The indictment, according to Turkey’s state Anadolu news agency, concludes “HDP is linked with the PKK terror group … and that it is the terrorists’ offshoot in legal disguise.” Among the evidence in the indictment is the allegation that HDP congresses and meetings “were not like the ones founded in accordance with the Constitution and laws, but like they are platforms where slogans supporting the separatist PKK terror group and its ringleader are chanted.” It also claims the HDP had no true electoral success without agitation by the PKK.

Sahin concludes in his indictment the HDP is irreparably corrupt and must be forced to disband. Anadolu noted the indictment also urges the Turkish court system to confiscate all of the party’s assets and treasury grants.

The Turkish government moved to depose an HDP lawmaker on the same day it moved to disband the party. Omer Faruk Gergerlioglu is facing criminal charges of “spreading terrorism propaganda” for a social media post where he allegedly shared an article “in which the Kurdish militants [the PKK] urged the government to take a step toward peace,” according to the Agence France-Presse (AFP). Gergerlioglu is the 14th HDP lawmaker deposed by the government despite being democratically elected and imprisoned.

“I will resist the coup against the Turkish Grand National Assembly, the will of the nation cannot be trampled,” Gergerlioglu said in a statement following the decision. “Wanting peace is not a crime.”

The communications director of the Erdogan government, Fahrettin Altun, issued a separate statement of support for the indictment on Wednesday, pressuring the court system to do the government’s bidding.

“It is an indisputable fact that the HDP has organic ties to the PKK, which Turkey, the United States and the European Union consider a terrorist entity,” Altun asserted in a statement on Twitter carried by Anadolu.
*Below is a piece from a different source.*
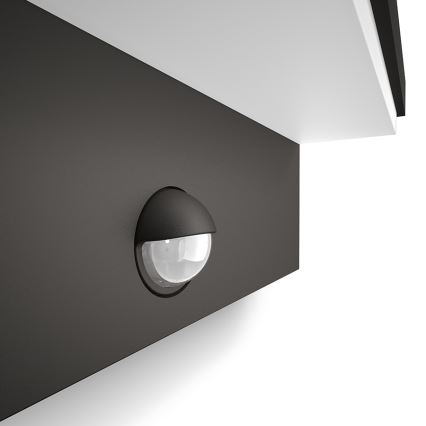 Philips - Уличный светодиодный настенный светильник с датчиком 2xLED/4,5W/230V 4000K IP44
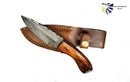 Drop point Damascus Knife by Titan TD-230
Altun couched his pressure on the court system by insisting, “Whether that relationship warrants the HDP’s closure or its subjecting to another punitive measure is a question that the Constitutional Court alone can answer.”

The HDP responded to the attacks with a statement describing the move to disband the party as a “heavy blow to democracy.”

“We call on all the democratic forces, the social and political opposition, and on our people to join a common fight against this political coup,” the HDP urged.

Separately, the current co-chairs of the party, Pervin Buldan and Mithat Sancar, expressed hope that Turkish voters would redeem the party in future elections by giving the HDP more power.

“It is our duty to create an environment in which we will not be unjustly detained in prisons,” Buldan said in her public statement, according to the anti-Islamist newspaper Cumhuriyet. “As long as the HDP exists, we will continue to stand by our peoples and do democratic politics.”

The HDP first made its mark on the national stage in the 2015 parliamentary elections, a historic vote where Turks sent a record number of women, Christians, Yazidis, and Kurds to the federal legislature. That year, the HDP made its debut in parliament with 78 seats, compared to 276 seats for the ruling AKP. A political party needs to receive over ten percent of votes to have representation in Parliament; the HDP received 12 percent that year.

The Erdogan government’s attitude towards the HDP changed dramatically after the failed coup of July 2016, which Erdogan blamed not on the PKK, but on rival cleric Fethullah Gülen. Gülen, who lives in Pennsylvania, has denied any association with the attempt to overthrow Erdogan, and multiple U.S. administrations have insisted that Turkey has failed to meet the threshold of evidence necessary to extradite the elderly cleric.

In November 2016, police arrested Demirtaş and Yüksekdağ, the co-chairs at the time, in a late-night raid that also targeted about a dozen HDP lawmakers. Authorities issued vague accusations of alliances with terrorists but did not process the cases for weeks. In December of that year, HDP leaders accused the Erdogan government of torturing Demirtaş with unnecessary isolation after authorities refused to place him in a cell near another imprisoned HDP member, Abdullah Zeydan.